BM25 Index¶
semlix now includes a high-performance BM25-based index implementation that provides 10-100x faster search compared to traditional FileStorage, while maintaining full compatibility with the existing Index API.
Overview¶
The BM25 module provides a complete alternative to FileStorage using the bm25s library for ultra-fast lexical search. It implements the full semlix Index protocol, making it a drop-in replacement with significant performance improvements.
Key Benefits:
10-100x faster search: 1000+ queries/second sustained performance
Lower memory usage: 3x less memory than FileStorage
Full compatibility: Implements complete Index protocol
Advanced features: Phrase queries, faceting, sorting, field caching
Easy migration: Automated tools for upgrading from FileStorage
Quick Start¶
Creating a BM25 Index¶
Basic index creation:
from semlix.bm25 import create_bm25_index
from semlix.fields import Schema, TEXT, ID, KEYWORD
from semlix.analysis import StandardAnalyzer
schema = Schema(
id=ID(stored=True),
title=TEXT(stored=True, analyzer=StandardAnalyzer()),
content=TEXT(stored=True, analyzer=StandardAnalyzer()),
category=KEYWORD(stored=True)
)
ix = create_bm25_index("my_bm25_index", schema)
Indexing Documents¶
Use the standard writer interface:
with ix.writer() as writer:
writer.add_document(
id="1",
title="Introduction to Python",
content="Python is a high-level programming language...",
category="tutorial"
)
writer.add_document(
id="2",
title="Advanced Python Techniques",
content="Learn decorators, generators, and metaclasses...",
category="advanced"
)
Searching¶
Use the standard searcher interface:
from semlix.qparser import QueryParser
with ix.searcher() as searcher:
qp = QueryParser("content", ix.schema)
query = qp.parse("python programming")
results = searcher.search(query, limit=10)
for hit in results:
print(f"{hit['title']}: {hit.score:.3f}")

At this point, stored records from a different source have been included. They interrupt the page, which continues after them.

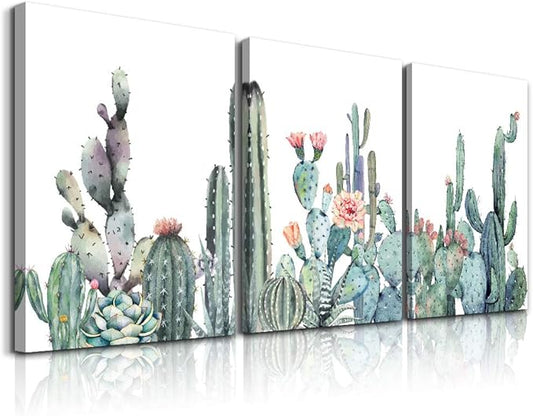 Canvas Wall Art for bedroom living room Canvas Prints Artwork bathroom Wall Decor Green plants Succulent cactus flower painting 12" x 16" 3 Pieces modern Framed Ready to hang Office Home Decorations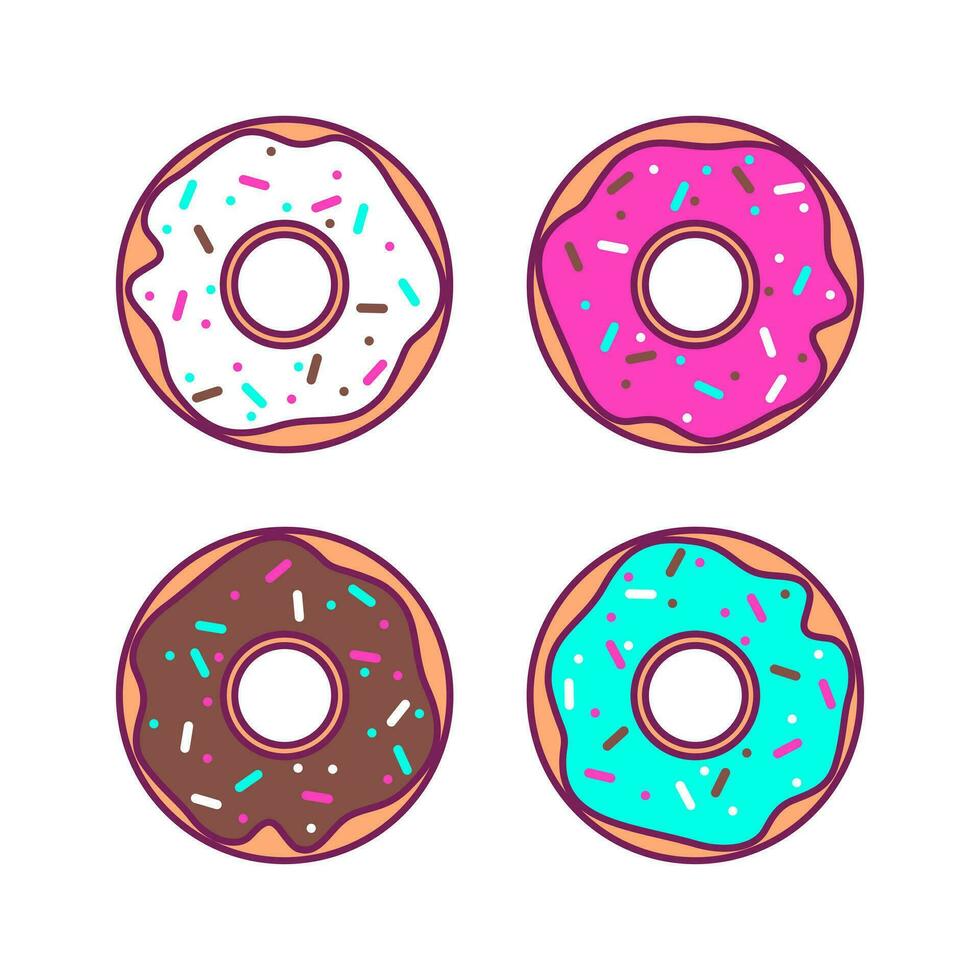 kleurrijk tekenfilm donut set. vector illustratie. levendig en verrukkelijk vector illustratie met een reeks van cartoon-stijl donuts in divers smaken en ontwerpen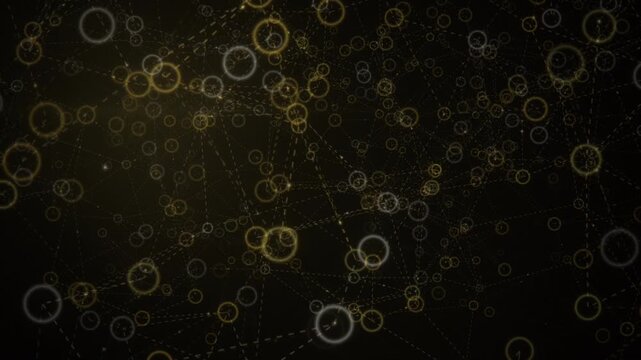 Abstract network nodes and dashed connections shift across a dark digital field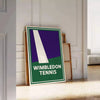 Minimalistyczny plakat Wimbledon tenis w szarości, zieleni i czerni, prosty styl
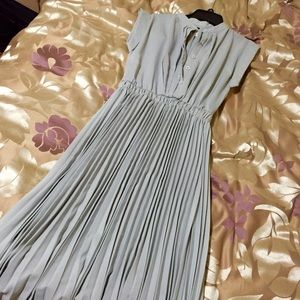 🎉 Elegant Blue Dress w/ Pleated Skirt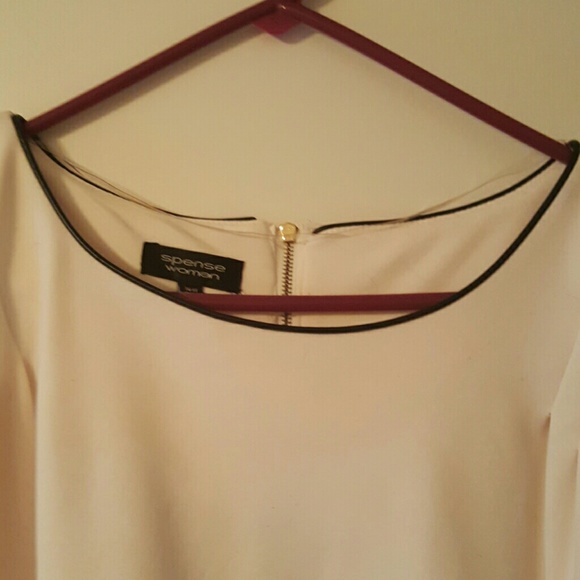 Cream dress with black leather details - Picture 3 of 3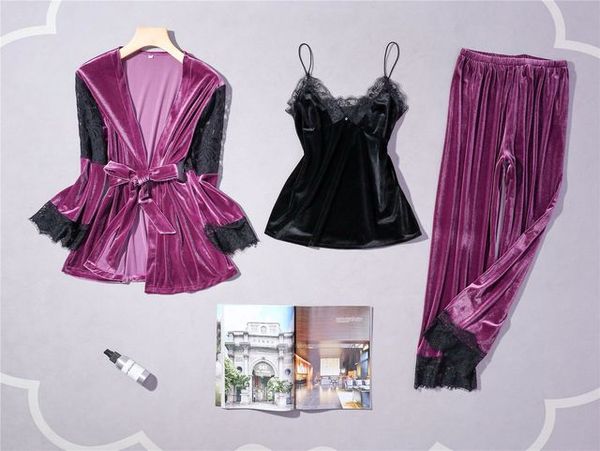 

new arrival velvet pajamas women autumn female sleepwear set 3 piece pijama set lace velour pyjamas women, Blue;gray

Opening an Existing Index¶
from semlix.bm25 import open_bm25_index
ix = open_bm25_index("my_bm25_index")
Components¶
BM25Index¶
The main index class that implements the complete semlix Index protocol.
Key Methods:
writer(**kwargs): Returns a BM25Writer for indexingsearcher(**kwargs): Returns a BM25Searcher for searchingreader(**kwargs): Returns a BM25Reader for document accessoptimize(): Rebuilds index for optimal performancedoc_count(): Returns number of indexed documentsclose(): Closes the index and frees resources
Properties:
schema: The index schemaindex_dir: Directory containing index files
BM25Writer¶
Handles document indexing operations:
with ix.writer() as writer:
# Add new document
writer.add_document(id="1", content="Document text")

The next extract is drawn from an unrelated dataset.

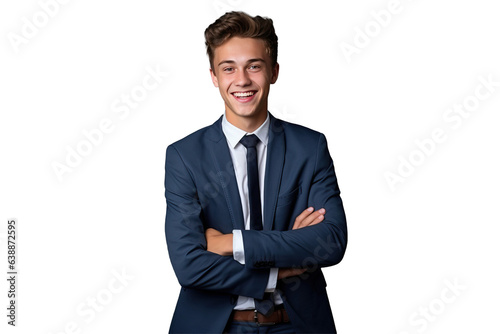 Confident Young Guy in Stylish Suit and Elegant Tie - A Professional Standing Portrait Wearing Formal Work Attire, Symbolizing Job Success and Workplace Excellence - Isolated Transparent Background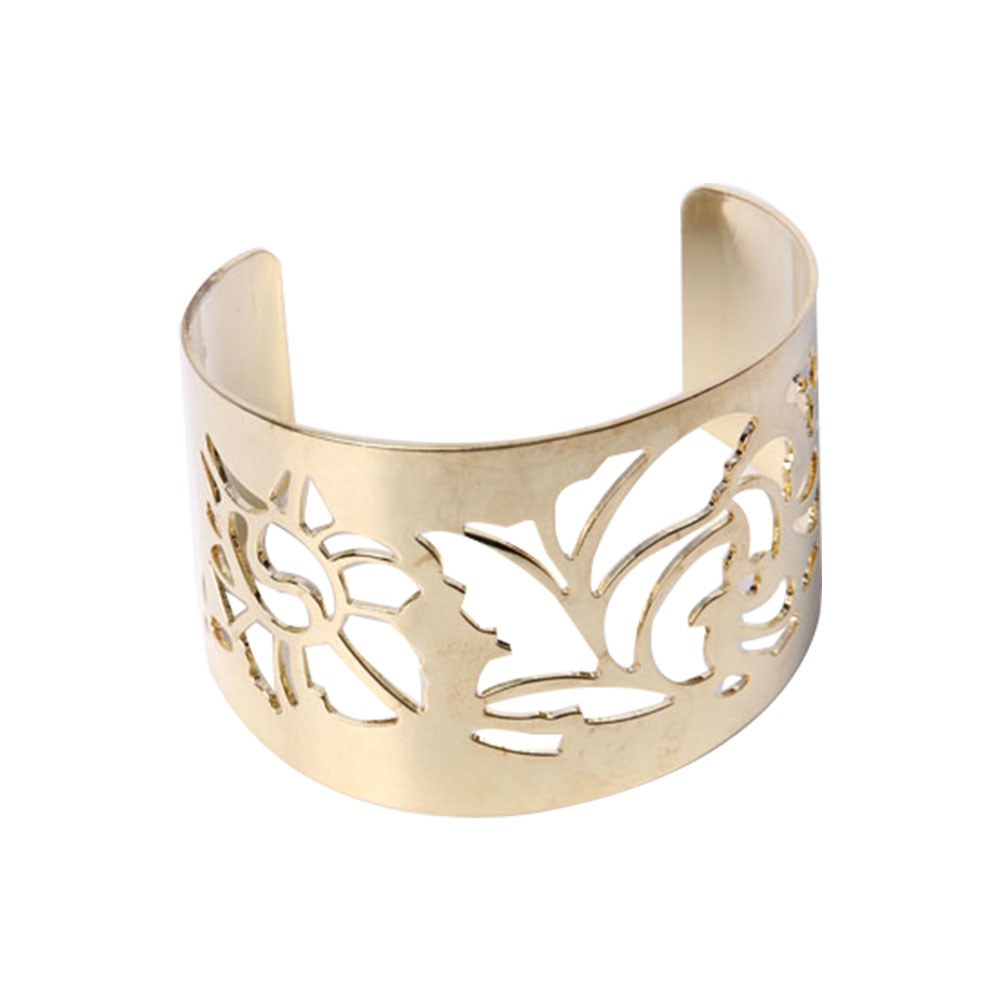 Quality Most Popular Fashion Jewelry Gold Bracelet with Carved Flowers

# Update existing document
writer.update_document(id="1", content="Updated text")
# Delete document
writer.delete_document(id="1")
# Delete by query
from semlix.qparser import QueryParser
qp = QueryParser("content", ix.schema)
query = qp.parse("obsolete")
writer.delete_by_query(query)
The writer supports context managers for automatic commit/rollback.
BM25Reader¶
Provides read access to indexed documents:
with ix.reader() as reader:
# Get document count
count = reader.doc_count()
# Get stored fields by document number
fields = reader.stored_fields(0)
# Get document number by ID
docnum = reader.document_number(id="1")
# Iterate all documents
for doc in reader.iter_docs():
print(doc)
BM25Searcher¶
Executes searches and retrieves results:
with ix.searcher() as searcher:
# Basic search
results = searcher.search(query, limit=10)
# Paginated search
results = searcher.search_page(query, pagenum=2, pagelen=10)
# Get stored fields
fields = searcher.stored_fields(docnum)
# Find document by ID
docnum = searcher.document_number(id="1")
The searcher is fully compatible with QueryParser and HybridSearcher.
Advanced Features¶
Phrase Queries¶
Search for exact phrases with optional word distance (slop):
from semlix.bm25 import PhraseQuery
# Exact phrase
phrase_query = PhraseQuery(
field="content",
words=["machine", "learning"],
slop=0
)
results = phrase_query.search(ix, limit=10)
# With slop (allows words in between)
phrase_query = PhraseQuery(
field="content",
words=["machine", "learning"],
slop=2 # Allows up to 2 words between
)
Faceting¶
Compute aggregations over search results:
from semlix.bm25 import Facets
facets = Facets(ix)
with ix.searcher() as searcher:
results = searcher.search(query, limit=100)
# Count by category
category_counts = facets.count_by_field(results, "category")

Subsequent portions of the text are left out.